[Dataset entries]
=== Begin Enclosure ===

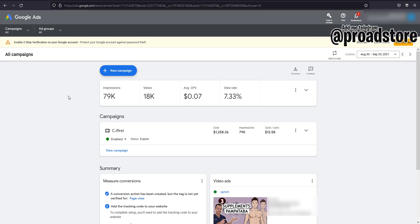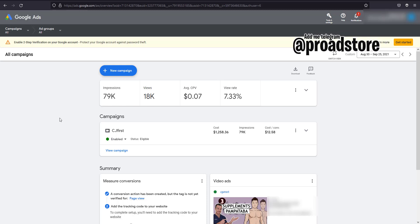So as you can see here, this is my Google Ads account which contains a five thousand dollar threshold account provided by Google — this is a verified account by Google. As you can see, it's already getting 79,000 impressions, which gained 18,000 views, which is pretty fantastic. The CPV — cost per view — is 0.07, which is pretty insane. I didn't even expect this because CPV is always high for United States audiences, but this is really doing pretty well.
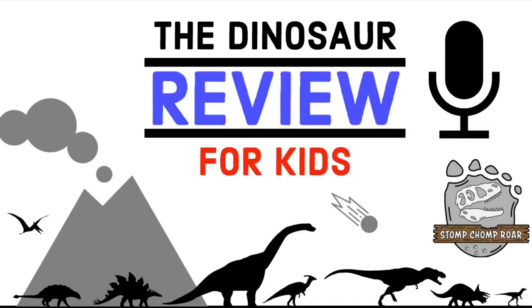Welcome to the Dinosaur Review for Kids podcast — a show all about reviewing dinosaurs on a scale of 1 to 10 fossils, where only the elite terrible lizards make it into the prehistoric cage match. This program is presented by the Stomp Tromp Roar Company and can be heard within all the rock layers across the planet. Here's your Mesozoic host, Dinosaur Ranger Anthony.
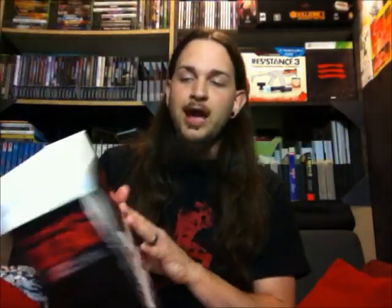First up, The Walking Dead Collector's Edition on the Xbox 360. This came out on Tuesday, two days ago if you're viewing this video on the day I upload it. Now, I was really excited to hear that we were going to put this game on a disc, on a physical release. The first season came out as a download only at first, and it was five episodes long, releasing each episode individually.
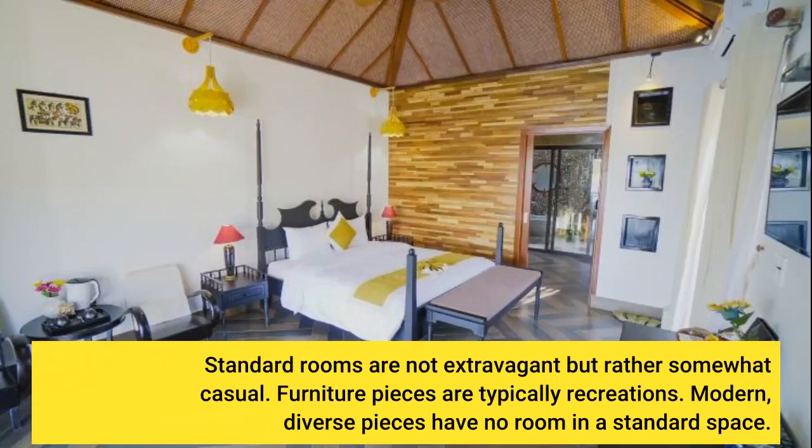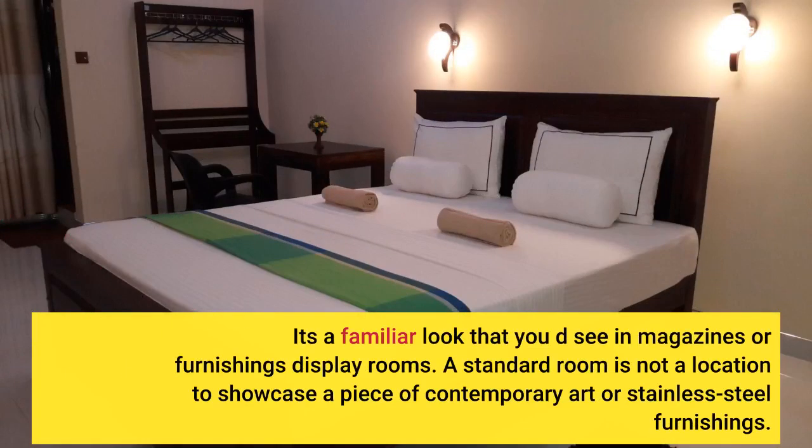Standard rooms are not extravagant but rather somewhat casual. Furniture pieces are typically recreations. Modern, diverse pieces have no room in the standard space. It's a familiar look that you'd see in magazines or furnishings display rooms. A standard room is not a location to showcase a piece of contemporary art or stainless steel furnishings.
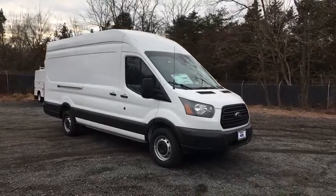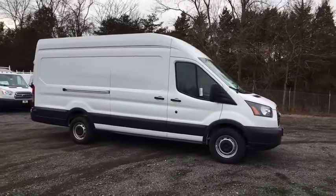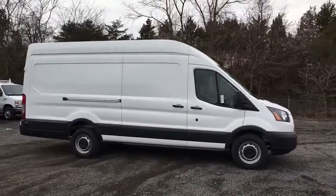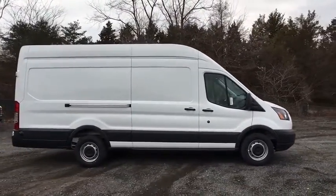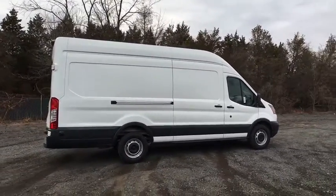The 2018 Ford Transit 350. The Transit 350 comes in numerous configurations, impressive payload, and towing capacities. It is comfortable and easy to drive. Here are some of this vehicle's great options.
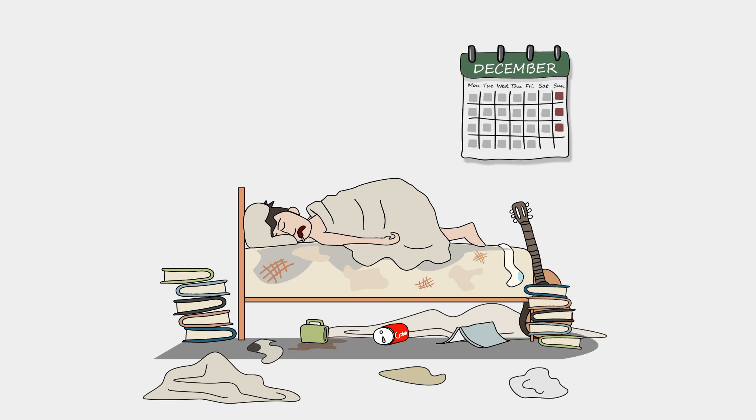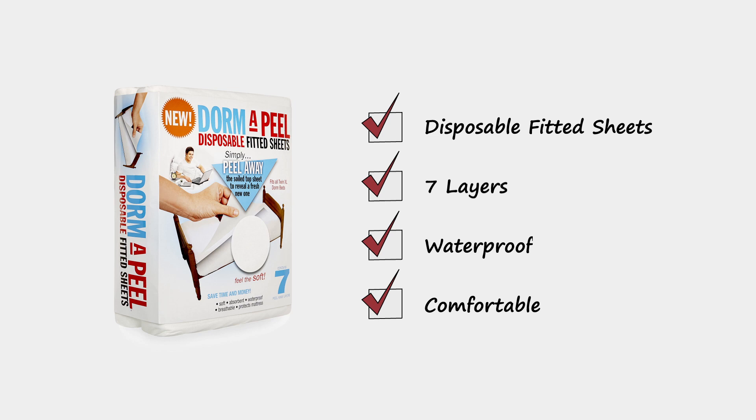Dormapeel is the world's first and only multi-layered fitted bed sheet with seven comfortable leak-proof layers that can just be peeled back, leaving you with an instant fresh-fitted sheet ready to go. Easy.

=== End Enclosure ===

--- Task to complete ---
Output the data exactly. Pictures don't belong in the result.

--- Exercise result ---
So as you can see here, this is my Google Ads account which contains a five thousand dollar threshold account provided by Google — this is a verified account by Google. As you can see, it's already getting 79,000 impressions, which gained 18,000 views, which is pretty fantastic. The CPV — cost per view — is 0.07, which is pretty insane. I didn't even expect this because CPV is always high for United States audiences, but this is really doing pretty well.
Welcome to the Dinosaur Review for Kids podcast — a show all about reviewing dinosaurs on a scale of 1 to 10 fossils, where only the elite terrible lizards make it into the prehistoric cage match. This program is presented by the Stomp Tromp Roar Company and can be heard within all the rock layers across the planet. Here's your Mesozoic host, Dinosaur Ranger Anthony.
First up, The Walking Dead Collector's Edition on the Xbox 360. This came out on Tuesday, two days ago if you're viewing this video on the day I upload it. Now, I was really excited to hear that we were going to put this game on a disc, on a physical release. The first season came out as a download only at first, and it was five episodes long, releasing each episode individually.
Standard rooms are not extravagant but rather somewhat casual. Furniture pieces are typically recreations. Modern, diverse pieces have no room in the standard space. It's a familiar look that you'd see in magazines or furnishings display rooms. A standard room is not a location to showcase a piece of contemporary art or stainless steel furnishings.
The 2018 Ford Transit 350. The Transit 350 comes in numerous configurations, impressive payload, and towing capacities. It is comfortable and easy to drive. Here are some of this vehicle's great options.
Dormapeel is the world's first and only multi-layered fitted bed sheet with seven comfortable leak-proof layers that can just be peeled back, leaving you with an instant fresh-fitted sheet ready to go. Easy.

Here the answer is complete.